Con le spalle al muro per via di un deficit previsto quest’anno al 6% e di un debito di oltre 3.200 miliardi (112% del Pil) divenuto «colossale», come l’ha definito il neopremier Michel Barnier in Parlamento, la Francia si appresta a sperimentare una versione aggiornata della tassa patrimoniale, ovvero la misura più discussa di una “cura da cavallo” che prevede soprattutto tagli sensibili nella spesa pubblica — equivalenti a «due terzi dello sforzo» complessivo —, una razionalizzazione della spesa (come certi affitti esorbitanti pagati fin qui dallo Stato in immobili di pregio) e un rilancio della lotta all’evasione fiscale. Sul debito, non c’è altra scelta, secondo Barnier, perché «se viene trascurato, spingerà il nostro Paese sul bordo del precipizio».

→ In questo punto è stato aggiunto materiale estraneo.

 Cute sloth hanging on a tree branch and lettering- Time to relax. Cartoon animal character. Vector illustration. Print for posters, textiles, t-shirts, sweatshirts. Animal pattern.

Ma che forma prenderà la fiscalità eccezionale? Per ora, da Palazzo Matignon e dal ministero dell’Economia sono giunte soprattutto rassicurazioni sul carattere «mirato» e «temporaneo» della misura la cui bussola resterà «un’esigenza di giustizia fiscale». Come dire che, anche per la cultura politica di Barnier, uomo di centrodestra e non proprio un ardente promotore della fiscalità, il governo cercherà d’evitare il rischio d’essere accusato di «fiscalismo punitivo».

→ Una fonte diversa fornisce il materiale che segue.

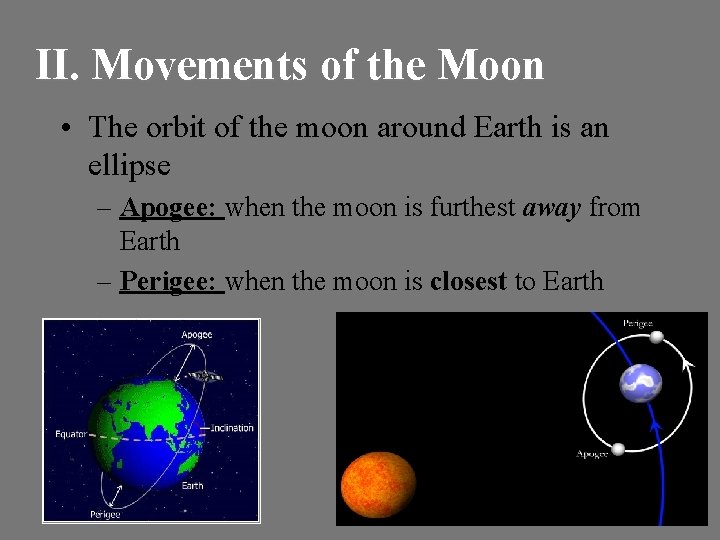 II. Movements of the Moon • The orbit of the moon around Earth is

In ogni caso, si tratterà di una leva verso gli obiettivi contabili fissati da Barnier: far scendere il deficit al 5% l’anno prossimo, in vista di un ritorno solo nel 2029 sotto la soglia del 3% prevista da Maastricht. Come hanno sottolineato subito pure tanti economisti transalpini, si tratta in fondo di obiettivi piuttosto soft che non sembrano affatto prefigurare un piano “duro” d’austerità. Entro l’anno prossimo, se le previsioni di crescita saranno rispettate, Parigi cercherà di “ricavare” in tutto circa 27 miliardi.

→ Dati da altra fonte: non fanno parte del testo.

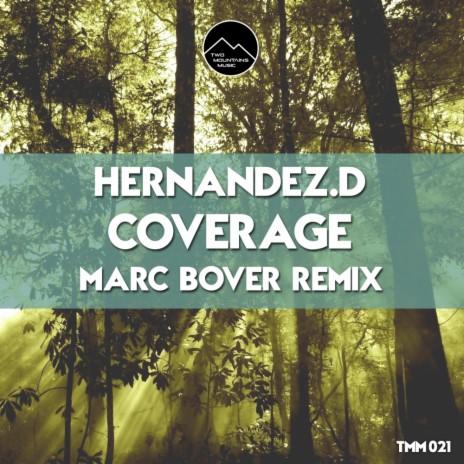 Coverage (Marc Bover Remix)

Nell’insieme, le misure fiscali eccezionali previste saranno concepite per riportare all’erario circa 9 miliardi. Nel caso delle aziende, sono nel mirino di una tassa speciale quelle «che realizzano profitti importanti», indipendentemente, a quanto pare, della portata del giro d’affari. Per quanto riguarda i patrimoni personali e familiari, Barnier ha parlato di un «contributo eccezionale per i francesi più agiati, allo scopo di evitare le strategie di defiscalizzazione dei più grossi contribuenti».
Il ministro del Bilancio, Laurent Saint-Martin, ha precisato che dovrebbe essere interessata solo una cerchia minima di contribuenti, ovvero circa lo 0,3%. In altri termini, un totale di 65mila persone. Ad esempio, i nuclei familiari senza figli con redditi superiori a 500mila euro all’anno.
Chiaramente, si vogliono evitare certi errori del passato e in particolare il rischio di penalizzare dei capitali strategici per la crescita economica. Secondo gli esperti, la formulazione scelta dal premier sembra prefigurare la definizione di una soglia minima di tassazione per i più ricchi. In altri termini, a partire da un certo livello elevato di redditi, il contribuente non dovrebbe più potersi avvalere di alcun mezzo per ritrovarsi al di sotto del livello predefinito di tassazione.
Fin qui, grazie a squadre di consulenti, i più abbienti sono stati in grado di avvalersi soprattutto delle cosiddette ‘nicchie fiscali’ — deroghe tributarie ad hoc per facilitare ad esempio gli investimenti in certi settori o territori —, riuscendo di fatto così ad alleggerire il proprio tasso d’imposizione effettivo, portandolo in certi casi anche ben al di sotto di quello teorico. In futuro, in caso di operazioni di questo tipo, l’erario dovrebbe essere in misura di reclamare al contribuente la differenza, in modo da riportare la tassazione effettiva al livello minimo previsto.
Secondo molti politologi, Barnier, anche volendo, non potrebbe accrescere più di tanto la pressione fiscale, poiché la risicata maggioranza relativa che lo sostiene, composta dai 3 partiti centristi dell’arco presidenziale macroniano e dal centrodestra neogollista, ha fatto da tempo dell’alleggerimento fiscale una grande priorità programmatica e di campagna.